Arago finds new physics with a compass (1824)

One of the challenges of doing physics outreach is that there are so many cool phenomena which simply can’t be demonstrated in an eye-catching way, because they are too small, too subtle, or too complicated.  So whenever I find a demo that really has a “WOW!” factor to it, I treasure it.

A perfect example of this is a demonstration of what are known as eddy currents, which can be done with a simple copper pipe and a neodymium magnet that fits easily inside it. I took the following video a few days back:

Isn’t this the coolest thing? The magnet seems to float down the tube, only occasionally touching the walls of the pipe, seeming to defy gravity.

The phenomenon is cool, and the way it was discovered is also fascinating: it was first observed by the Most Interesting Physicist in the World™, François Arago, using an ordinary compass!  It is one of those remarkable discoveries that is, however, largely unknown to most physicists, much less the general public — I only came across a chance mention of it recently that led me to explore further. In this post I want to look at both the physics and the history — and the arguments that followed.

Let’s start with the explanation of eddy currents first; this will, unsurprisingly, also involve a bit of a discussion of the history of electricity and magnetism.  Before the 19th century, electricity and magnetism were largely considered independent phenomena.  Magnetism was connected with compasses and bar magnets and north and south poles, and electricity was associated with lightning and static shocks and making frog legs jump.  But, in 1820, the Danish physicist Hans Christian Oersted discovered that an electric current could make a compass move, thus demonstrating that electrical currents are a source of magnetism!  The story behind this discovery is a fascinating one that I’ve blogged about at length in the past.

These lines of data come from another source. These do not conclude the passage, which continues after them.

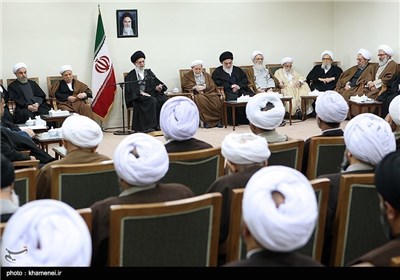 Imam Khamenei meets members of the Assembly of Experts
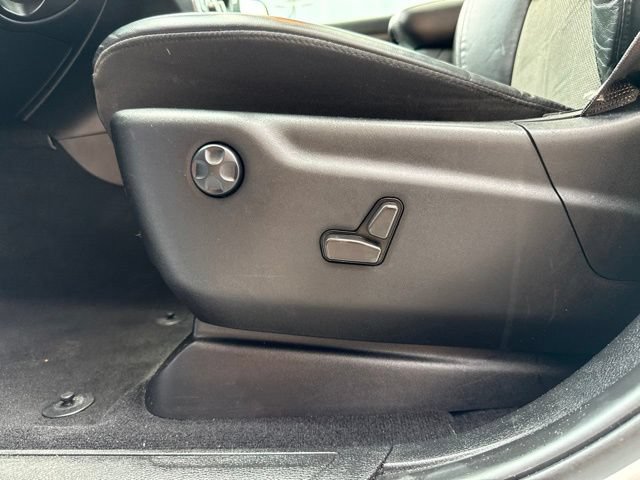 Used 2021 Jeep Grand Cherokee Laredo X AWD/4WD image 9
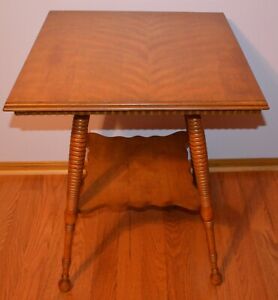 Vintage Antique 2 Tier Side Parlor Table With Turned Legs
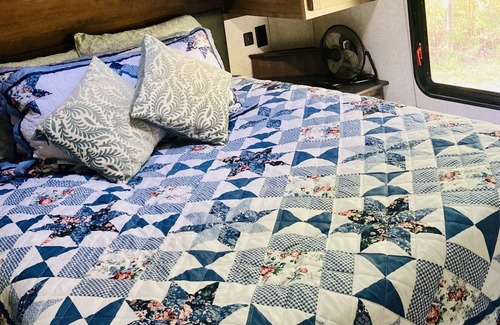 Fleming House | The Cozy Keystone RV on the Farm, Pet Friendly!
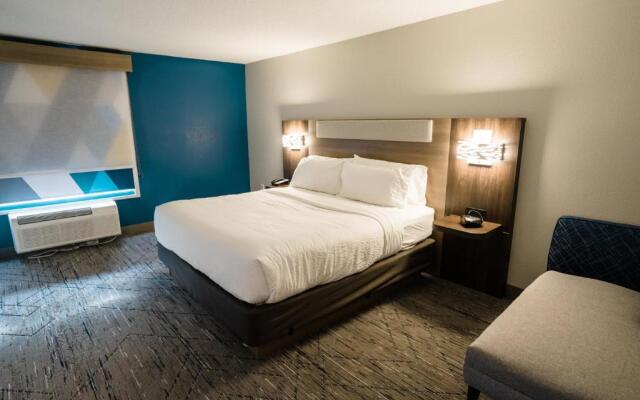 Holiday Inn Express & Suites Knoxville-North-I-75 Exit 112, an IHG Hotel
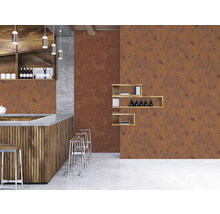 Bar mit Hockern, Regalen und einer Wand mit Blattmuster-Tapete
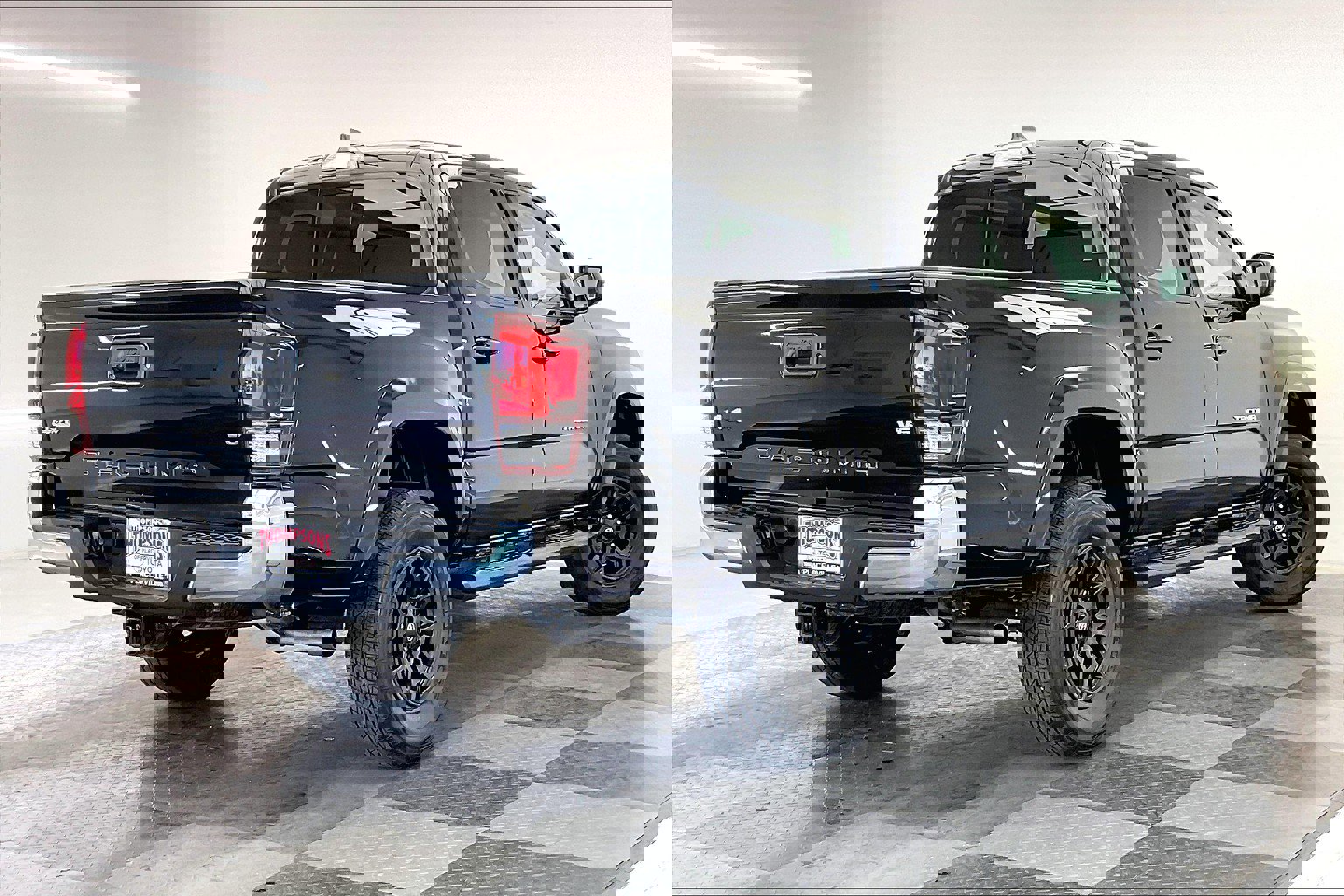 2022 Toyota Tacoma SR5 photo 12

In modern terms, we now say that moving electric charges, such as a current which we label I, produces a magnetic field that circulates around it; we label the magnetic field as B.  The fields around a current in a long straight wire may therefore be visualized as shown below.

It did not take very long for researchers to wonder if the opposite might be true: could magnetism somehow generate electricity, just as electricity generates magnetism?  This question was answered in the affirmative by British chemist and physicist Michael Faraday in 1832, after a thorough and ingenious series of experiments.

What Faraday found is that a changing magnetic field results in a circulating electric field; this is roughly illustrated below.

If we imagine a magnetic field pointing upwards, as shown in the figure, as we increase or decrease the field, a circulating electric field E is produced.  As illustrated in the figure, the field circulates around the magnetic field, with the direction of circulation — clockwise or counterclockwise — depending on whether the field is increasing or decreasing.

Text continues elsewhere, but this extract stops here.